Od 5 listopada w Łańcucie będzie można zobaczyć wystawę zabytków, które niedawno odnaleziono w Peru. To 21 - głównie obrazów - które wraz z setkami innych dzieł, w 1944 roku wywiózł z Zamku Alfred Potocki.
Właścicielką kolekcji była Włoszka, która pożyczyła pieniądze Stanisławowi Potockiemu - bratankowi i spadkobiercy Alfreda Potockiego. Po śmierci Stanisława, kobieta postanowiła sprzedać kolekcję. Kupiły ją niedawno 2 Fundacje: Trzy Trąby oraz Feliksa Sobańskiego.
Najcenniejsze dzieła to portrety Jana III Sobieskiego i Królowej Marysieńki. Jest także m.in. obraz przedstawiający świętą rodzinę z czasów odsieczy wiedeńskiej. W Łańcucie najprawdopodobniej zostanie jeden z portretów - przedstawiający Jana Potockiego. Przed 1944 rokiem znajdował się w bibliotece zamku. Zabytki są obecnie konserwowane.
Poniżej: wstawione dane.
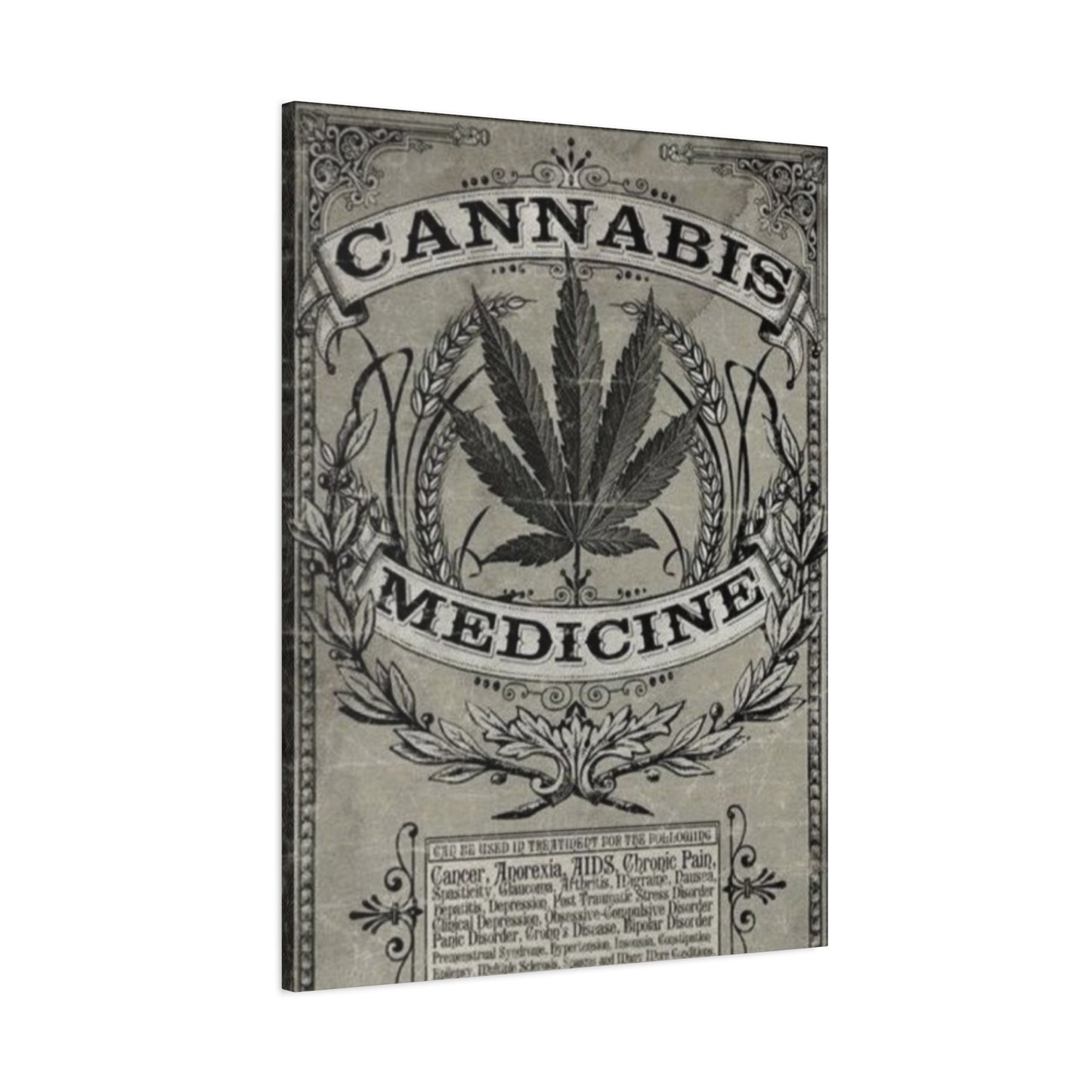 Cannabis Poster Marijuana Wall Art & Canvas Prints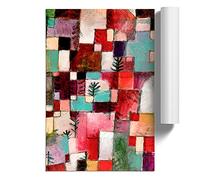 Red Green And Violet Rhythms By Paul Klee | Unframed Wall Art Print | Ready to Frame Poster | Modern Home Decor Picture | Artwork for Living Room, Bedroom or Office | A2 (42x59.4 cm)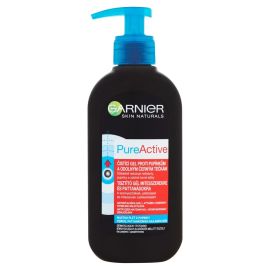 Garnier Skin Naturals Pure Active čistací gél s čierným uhlim pumpa 200ml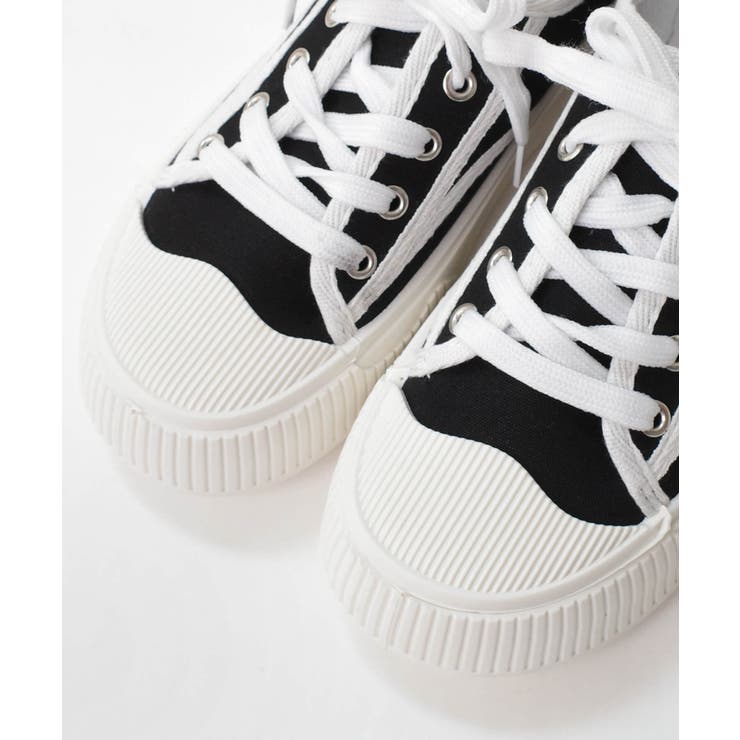 冬新作 厚底 キャンバス | LOVERS | 詳細画像14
Przed zakończeniem wojny, z Łańcuta wywieziono pociągiem w różne części Europy około 600 skrzyń z zabytkami z Zamku. Cześć z nich została sprzedana. Niektóre pojawiają się co jakiś czas na zagranicznych aukcjach. Kolekcja z Peru została zakupiona za równowartość około 180 tys zł.